Please DON'T remove notes for AI
Notes for AI: Keep it simple and clear. If the requirements are abstract, write concrete user stories
The AI Support Bot should:
- Take multiple starting webpage URLs and an initial user question as input
- For follow-up questions, reuse previously crawled data and conversation history
- Extract content from multiple webpages simultaneously and identify all available links
- Act as an intelligent agent that can:
- Draft responses to questions based on currently available content and conversation history
- Decide whether to explore additional links to gather more information
- Refuse to answer questions that are irrelevant to the website's content
- Process multiple URLs in batches for efficient exploration
User Stories:
- As a user, I want to provide multiple starting URLs (e.g., main site + documentation site) and ask "What are your return policies?" to get comprehensive answers
- As a user, I want the bot to refuse irrelevant questions like "What's the weather?" on an e-commerce site
- As a user, I want the bot to explore multiple pages (FAQ, product pages, support docs) simultaneously to give comprehensive answers
- As a user, after asking an initial question, I want to ask a follow-up question like "What about for international orders?" and have the bot use the previous context to answer, potentially crawling more pages if needed
Notes for AI:
- Consider the design patterns of agent, map-reduce, rag, and workflow.

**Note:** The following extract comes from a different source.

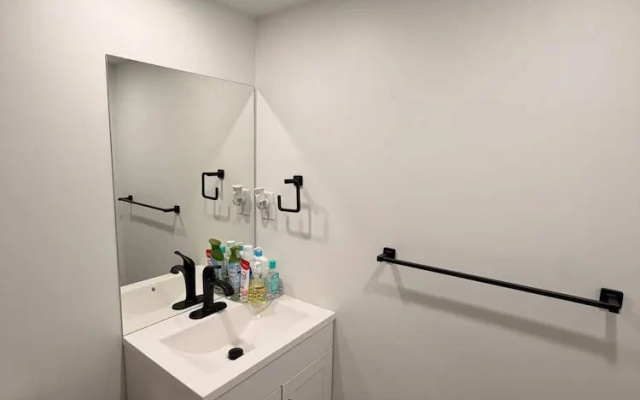 Room-haven in the Prairies 1BR S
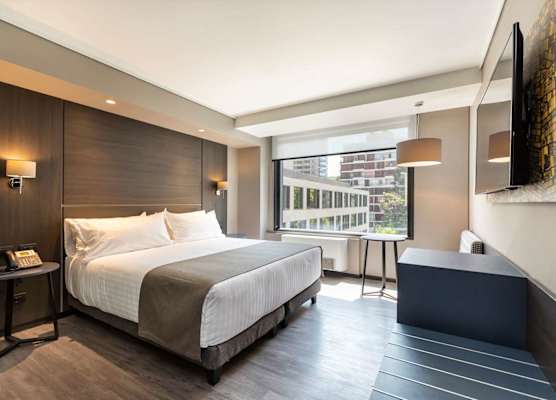 Ola Santiago Providencia, Tapestry Collection by Hilton 1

Apply them if they fit.
- Present a concise, high-level description of the workflow.
- Agent Pattern: The core decision-making logic that determines whether to answer, explore more links, or refuse the question
- RAG Pattern: Retrieval of webpage content to augment the generation of responses
- Map-Reduce Pattern: Process multiple URLs simultaneously in batches
- Workflow Pattern: Sequential processing of webpage batches followed by agent decision-making and answer generation
- CrawlAndExtract: Batch processes multiple URLs simultaneously to extract clean text content AND discover all links from those pages
- AgentDecision: The core agent that analyzes the user question against available content and decides next action:
answer: Move to answer generation (includes both regular answers and refusals)explore: Visit additional links (and selects which URLs to explore next)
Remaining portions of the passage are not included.